# Husband says he wants to look forward to coming home



## sunlimited00 (Mar 25, 2008)

My husband and I have been married 14 years and have 2 girls, ages 10 and 13. We started marriage counseling 2 months ago to help us work through our communication issues and to help my husband understand some resentment I have towards him.

*Our counseling session last night did not go over well with me. My husband said he wants to look forward to coming home.* *That killed me!!!!*

*In the past couple months, our lives had made a 180 for the best! The emotionally connecting, making love almost every night, going out with friends again!*

I was extremely upset after our session. He reassured me that he loves me more than anything, hugged and kissed me. He looked into my eyes and said he feels the closest to me then he's ever felt! 

He then left to have drinks with some friends from work (He had made these plans earlier in the day). When he got home I told him I was upset for him having left. I haven't spoken with him since.

*Am I wrong for being mad? What does he mean by "I want to look forward to coming home?" 
I am soo hurt!*


----------



## draconis (Oct 3, 2007)

I think you are making a mountain out of a mole hill. Personally he could just mean he was excited about coming home. It seems he is more into the marriage now then ever before. You stand at a cross road. Either you move forward from here and make things better or you risk losing it all, he gave a little you should too.

draconis


----------



## Immortalone (Mar 5, 2008)

It could be a simple mis talk of words and He might have meant he looks forward to coming home more now then he did in the past. Not for sure wasn't there. If your working on your communications skills with each other then why not simply ask him what he meant. Tell him you felt things have been going realy good but if there is something else he is missing that he needs then he needs to tell you. Not talking to him is doing the opposit of what all the councling is about.


----------



## GAsoccerman (Mar 24, 2008)

why don't you ask him what he means?

I want to look forward to comming home to....But I am talking about my wife in a provacative outfit wanting to "play"

Maybe he wants to spice things up a bit


----------



## carmaenforcer (Mar 7, 2008)

We can not possibly know what your husband meant, for the statement he made or at least your retelling of what he said was without any context. We don't know the conversation that lead to that statement, his true feelings (his take), on your perceived progress nor whether any of this meets his needs and wants.

Please know that although you might have been getting the forward progress that you wanted out of the counsellings sessions, he might still not be getting what he wants out of them and so there might still be some work to be done on your part.

All of what we might advise to you or opinion on is all just conjecture and without further insight into the true nature of the situation, then no one, not even yourself can help. 
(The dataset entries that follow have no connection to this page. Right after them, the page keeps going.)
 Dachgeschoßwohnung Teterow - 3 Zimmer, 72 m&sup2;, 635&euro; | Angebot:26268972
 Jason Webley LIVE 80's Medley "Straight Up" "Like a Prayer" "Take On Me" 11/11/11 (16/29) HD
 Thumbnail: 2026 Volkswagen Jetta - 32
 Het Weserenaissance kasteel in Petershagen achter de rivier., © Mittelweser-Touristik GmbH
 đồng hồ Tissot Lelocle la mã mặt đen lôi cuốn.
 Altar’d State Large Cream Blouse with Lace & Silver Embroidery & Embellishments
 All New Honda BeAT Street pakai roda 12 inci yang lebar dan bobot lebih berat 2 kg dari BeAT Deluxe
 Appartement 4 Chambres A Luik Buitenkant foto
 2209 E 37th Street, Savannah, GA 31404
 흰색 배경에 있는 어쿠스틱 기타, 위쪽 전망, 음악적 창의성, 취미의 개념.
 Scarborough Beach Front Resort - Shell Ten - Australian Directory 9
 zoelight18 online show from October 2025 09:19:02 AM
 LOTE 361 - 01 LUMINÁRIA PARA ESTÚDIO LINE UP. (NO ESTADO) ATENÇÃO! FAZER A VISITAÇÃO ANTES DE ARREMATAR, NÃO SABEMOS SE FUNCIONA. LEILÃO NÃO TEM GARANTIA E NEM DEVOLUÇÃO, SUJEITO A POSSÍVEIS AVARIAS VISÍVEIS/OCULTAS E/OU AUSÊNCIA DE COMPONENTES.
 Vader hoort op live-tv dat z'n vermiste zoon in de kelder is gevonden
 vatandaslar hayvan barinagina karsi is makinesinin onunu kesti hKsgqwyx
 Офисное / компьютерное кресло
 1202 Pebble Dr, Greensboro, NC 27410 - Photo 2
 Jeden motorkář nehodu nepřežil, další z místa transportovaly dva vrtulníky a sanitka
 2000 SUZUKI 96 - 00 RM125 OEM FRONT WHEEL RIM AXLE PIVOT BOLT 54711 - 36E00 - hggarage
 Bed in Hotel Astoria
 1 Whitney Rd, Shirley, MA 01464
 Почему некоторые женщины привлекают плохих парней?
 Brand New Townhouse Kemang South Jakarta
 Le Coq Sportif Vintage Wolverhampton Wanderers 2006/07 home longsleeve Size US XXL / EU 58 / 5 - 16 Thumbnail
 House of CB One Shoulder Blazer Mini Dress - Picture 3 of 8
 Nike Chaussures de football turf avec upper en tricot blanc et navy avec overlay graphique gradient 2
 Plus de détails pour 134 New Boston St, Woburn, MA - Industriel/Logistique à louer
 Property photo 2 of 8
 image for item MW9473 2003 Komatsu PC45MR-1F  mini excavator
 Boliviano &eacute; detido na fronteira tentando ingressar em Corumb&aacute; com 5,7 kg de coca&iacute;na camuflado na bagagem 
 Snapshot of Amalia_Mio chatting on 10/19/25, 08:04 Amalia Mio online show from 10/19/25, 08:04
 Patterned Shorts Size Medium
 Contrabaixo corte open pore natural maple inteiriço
I can offer some sound generic advice that can help clarify this any future misunderstandings, just ask him. Sounds really simply, I know, but it's not trust me. The hard part of this, is that you have to be calm, open minded and stay that way regardless of what he says. I myself am working on this technique, with the operative word being "working on", well that was two words, but you know what I mean.
Let him get whatever he want off of his chest without the fear of you getting mad, then just calmly try and work it out. 
If you do not agree with what he is having issue with, don't express your differing opinion until he is done talking. When you do respond, do so calmly and without anger. If for some reason you can't, just listen to him. Take a break, go off and run it through your head a few time, and then later come to him with your side. Who knows, if you give yourself enough time to calm down and let the initial anger dissipate maybe you will eventually reach the point of empathy and understanding.
Remember, that you are in this together. 
By this, I mean "The Relationship".
It sound to me like you are at least trying to make steps forward and that's the best you can do already. 
Try and not over think it, too much. I have a problem with "over thinking" things myself.


----------